After uniting with the other Roman commander in the region, Sempronius returned to Croton looking for revenge. He arranged his legions in front, leaving those of Crassus in reserve. This time, Hannibal could not stand his ground against an army doubled in size and was forced to retreat to Croton at the cost of 4,000 dead and 300 prisoners, if one believes Livy. It is not clear whether the Romans made an attempt to take Croton itself. Our authority states that Sempronius turned his attention elsewhere. The same summer he took by storm Clampetia. "Consentia, Pandosia and some other unimportant places surrendered voluntarily."

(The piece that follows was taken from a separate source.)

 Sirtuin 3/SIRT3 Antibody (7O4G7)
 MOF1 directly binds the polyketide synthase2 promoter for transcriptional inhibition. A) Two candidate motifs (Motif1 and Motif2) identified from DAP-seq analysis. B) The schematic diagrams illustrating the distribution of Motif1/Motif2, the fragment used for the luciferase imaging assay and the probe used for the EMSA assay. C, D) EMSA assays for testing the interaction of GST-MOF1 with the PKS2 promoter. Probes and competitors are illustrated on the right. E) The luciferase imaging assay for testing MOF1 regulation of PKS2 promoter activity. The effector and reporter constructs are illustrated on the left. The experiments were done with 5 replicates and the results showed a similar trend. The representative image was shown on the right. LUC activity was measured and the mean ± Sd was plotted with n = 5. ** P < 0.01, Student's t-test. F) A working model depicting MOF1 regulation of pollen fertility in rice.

The fighting around Croton continued in 203 BC, but as Livy puts it himself, there are no clear accounts of the events. Livy is particularly suspicious of a story that the consul Cnaeus Servilius Caepio killed 5,000 Carthaginian soldiers in a pitched battle. One thing is sure – Servilius could not prevent Hannibal from departing safely to Africa. Appian informs that, for the transportation of his veterans, Hannibal even built more ships in addition to the fleet that arrived in Croton from Carthage. This was unimpeded by the Romans.

== Aftermath ==
As Scipio had predicted, despite all Hannibal's efforts, the struggle between Rome and Carthage was decided out of Italy. The Roman general inflicted several heavy defeats on the Carthaginians in Africa and they appealed for help. Whilst Hannibal was still in Bruttium, his brother Mago was repulsed and mortally wounded in a battle in Northern Italy. The remainder of Mago's forces returned to Carthage and joined Hannibal to stand against Scipio at Zama.